Qu’est-ce qu’écrire et qu’est-ce que parler quand tout en nous semble étranger ? L’écriture, qui navigue entre récit, prose poétique et dialogue, surgit au sein d’un travail protéiforme de la langue, surgissement de ce qu’on ne saurait refouler, ainsi que l’affirme d’emblée le narrateur : « L’instant ne connaît aucune libido consacrée à écrire et je voudrais, encore une fois, que ça jaillisse, que par moi se crache une vérité bien plus haute que mon ciel, que s’enchante, en quelques pas, en quelques phrases, un monde aussi terne que la mort, pourtant relevé de cette magie opérée par les mots. » Tout le travail de Johannin se situe dans ce « je voudrais » dont il n’est jamais dupe et où peuvent s’incarner toutes ses pulsions expérimentales.  

Simon Johannin | Ici commence un amour.
« Romance », de Dana Schutz (2006) © CC BY-NC-SA 2.0/Gandalf’s Gallery/Flickr

C’est bien cela qui fait la force de son récit, un travail dans l’interstice des affects les plus troubles. Le désir pour Gloria est autant amour que désir de possession. Le désir est une force qui doit surgir. C’est en ce sens qu’il faut comprendre la mise en abyme centrale où l’auteur élabore et extériorise un nihilisme radical. Ce passage, intitulé « Le Misérable », est bien circonscrit, à la fois par la mise en page (il dispose d’un titre autonome et se sépare du reste du récit) et par les personnages eux-mêmes. L’ami de Théo, Marcus, donne ainsi, dès la reprise du récit conducteur, un avis sur la possible réception du texte enchâssé, choquant politiquement et moralement condamnable. La morale est sauve et le récit de Simon Johannin met à distance toute équivocité… du moins en apparence. Ce nihilisme se répercute en réalité tant sur Théo que sur l’auteur lui-même. Si la littérature peut prendre en charge la rage contenue pour la transfigurer, ce n’est qu’à condition de l’affronter réellement. 

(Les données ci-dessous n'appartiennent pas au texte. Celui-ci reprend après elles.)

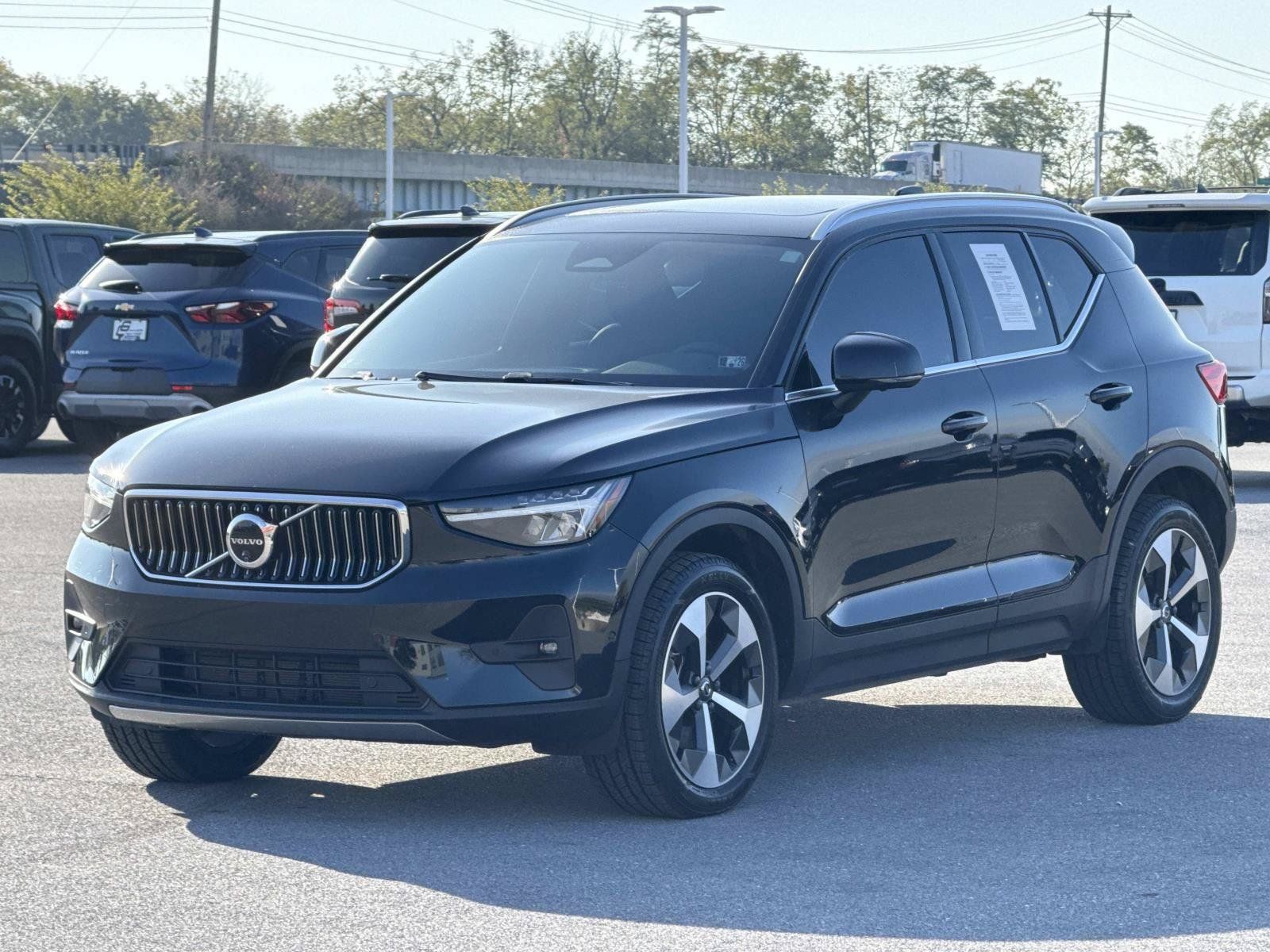Used 2024 Volvo XC40 B5 Plus AWD/4WD image 28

Ici commence un amour traite de la question, ô combien vive, de la morale en art. Mais il la traite précisément en tant que question, ou plutôt en tant que matière esthétique, à travers les réactions des personnages, dont le travail sur la phrase prend en charge le caractère viscéral. Il faut d’ailleurs noter la dimension à la fois profonde et drôle de la galerie de personnages et d’opinions que nous propose Johannin. Il serait pertinent de rapprocher ce roman sur certains points du Cher connard de Virginie Despentes où elle faisait également dialoguer des types pour incarner les fractures de l’espace public et médiatique, à ceci près que là où cette dernière ne parvenait pas réellement à dépasser le dire d’une dimension pleinement pamphlétaire, Simon Johannin lui fait, il fait littérature. À ce titre, Johannin sait se faire moraliste plutôt que moralisateur. La différence est de taille !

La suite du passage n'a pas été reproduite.